The Maple Grove Senior High alumnus very distinctively remembers hoping to follow in the footsteps of his idol, Thomas Edison. “I always wanted to be inventor. This notion of being an inventor was always on my mind,” Dering says. Instead of following that passion through college, Dering decided to major in civil engineering at the University of Wisconsin—Madison and stashed the dreams of becoming an inventor in the back of his mind for a time.
However, he had no idea that his childhood dream would become reality in just a few short years—and all thanks to one of his other creative passions—photography. His love for photography began shortly after graduating from high school. “My graduation gift from Maple Grove Senior High back in 2001 was a digital camera. And that very much sparked my interest in photography,” Dering explains. “And the cameras have changed, but the passion remained there.”
At age 25, Dering decided to take a four-month leave of absence from work to travel; exploring parts of Southeast Asia and India with a backpack strapped to his back and a camera in his hand.

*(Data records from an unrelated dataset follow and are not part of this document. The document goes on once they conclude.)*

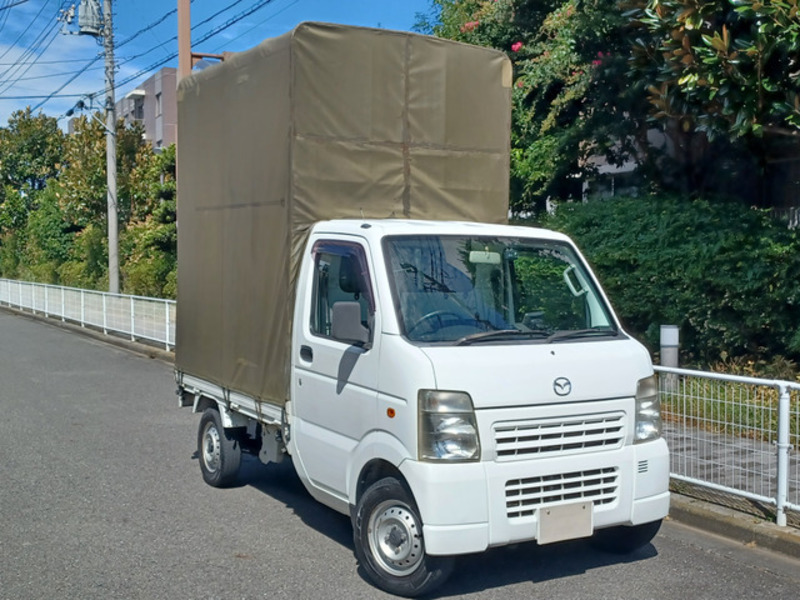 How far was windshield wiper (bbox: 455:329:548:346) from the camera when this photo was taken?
5.02m

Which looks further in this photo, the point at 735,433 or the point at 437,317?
the point at 735,433

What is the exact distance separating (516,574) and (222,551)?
1.89m

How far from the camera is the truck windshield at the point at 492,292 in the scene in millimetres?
5176

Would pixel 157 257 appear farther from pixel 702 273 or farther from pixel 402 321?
pixel 402 321

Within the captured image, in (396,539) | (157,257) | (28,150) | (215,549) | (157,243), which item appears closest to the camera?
(396,539)

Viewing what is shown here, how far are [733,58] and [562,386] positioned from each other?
5033 millimetres

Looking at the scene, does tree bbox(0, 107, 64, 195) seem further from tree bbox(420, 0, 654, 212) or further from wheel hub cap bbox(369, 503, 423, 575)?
wheel hub cap bbox(369, 503, 423, 575)

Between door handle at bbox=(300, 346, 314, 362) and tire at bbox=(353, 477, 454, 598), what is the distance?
978mm

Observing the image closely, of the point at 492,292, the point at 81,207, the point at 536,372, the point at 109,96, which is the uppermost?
the point at 109,96

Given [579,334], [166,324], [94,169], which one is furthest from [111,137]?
[579,334]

While taking in the beautiful sights and capturing memories through photos, Dering couldn’t help but notice a clear problem. “When the camera was in the backpack, you don’t use it. And when the camera is not in the backpack, it’s around your neck, and it’s a total pain the butt,” Dering explains. Being out on the road and having that time to contemplate and think gave Dering the perfect opportunity to find a solution to that problem.
After quitting his job and putting all of his time and energy into creating something he felt passionate about, 10 months later, Dering was staring at a finished version of what he now calls Capture—a metal clip that allows you to carry your camera on a backpack strap, belt or bag. Wanting to grow his product, he started a Kickstarter for the project in May 2011, and it caught the eye of the public.
Growing to be the second most funded product on Kickstarter at the time, it allowed Dering to not only continue to produce Capture, but it gave him the opportunity to begin the company he had been dreaming about creating for a long time—Peak Design. After founding Peak Design, he quickly began hiring a team of people to help him carry out his vision. “We’ve doubled in size roughly every year for the past eight years. And so now, we have about 35 people,” Dering says.
Along with employees, Peak Design grew in products, too. The San Francisco-based company added even more for its customers to enjoy. “Clips led to straps, straps led to camera bags, camera bags led to bags for everybody,” Dering explains. It also launched a travel line on July 23, which includes a handful of unique bags.
Something that makes Peak Design so unique is that it continues to use Kickstarter to help fund products, launching a Kickstarter every calendar year. “That’s a trend that we will continue to stay on this year and certainly next year. We have no intention of ceasing that trend,” Dering says.
Along with the great products that it provides, Peak Design also offers a lot to the community of San Francisco. Staff members wanted to offer a space for other creatives like themselves to gather together and work, so they opened their flagship store in Hayes Valley, which Dering compares to Uptown in Minneapolis. “It’s just become a community hub for our network of photographers and creatives,” he says. “It gives recreational outlets, educational outlets. It’s just a way of connecting with our customers in a much greater depth than just our products.” Offering open studio times is just one thing that they provide, also offering classes like Photography 101: Gear and Techniques for Beginners and hosting events to help ease minds like Yoga for Photographers.
Juggling different aspects of the company is what Dering loves the most—whether he’s writing, shooting and directing a video that will go on the Kickstarter page or working with overseas vendors in Vietnam and China, Dering is enjoying it all. “It’s an extraordinary variety of types of work—both from a creative aspect and from a more human centered aspect,” he says.
Dering is also passionate about not leaving a carbon footprint behind. He gives one percent of all sales to environmental nonprofits, in hopes that it will help offset the waste that the company creates. “I think that every company … certainly ones that are in the business of making things, need to figure out how to do so sustainably,” he says.
While San Francisco has been where he has built his life and company, Dering says that Minnesota will always be his home. “My folks are still in Plymouth,” he says. “I get back pretty frequently. My brother lives in Minneapolis, and he’s got two kids.” Other than his family, Dering misses the changing of seasons and the lake culture that Minnesota provides. His fondest memory of growing up in the suburbs include the ability to have so much freedom as a child. “The best memory that I have is riding my bike everywhere,” he says.
Dering travels frequently for work—both nationally and internationally—and has found that his home state has much more of an impact than most people think. “I think it’s one thing, perhaps that, people in Maple Grove might not realize as much is that the brand of Minnesota is extraordinarily strong throughout the nation,” Dering says. “It’s a really cool place, and it’s somewhere that I’m really proud to be from.”
Peak Design products are available online at peakdesign.com and around the Twin Cities at Best Buy, National Camera Exchange and REI.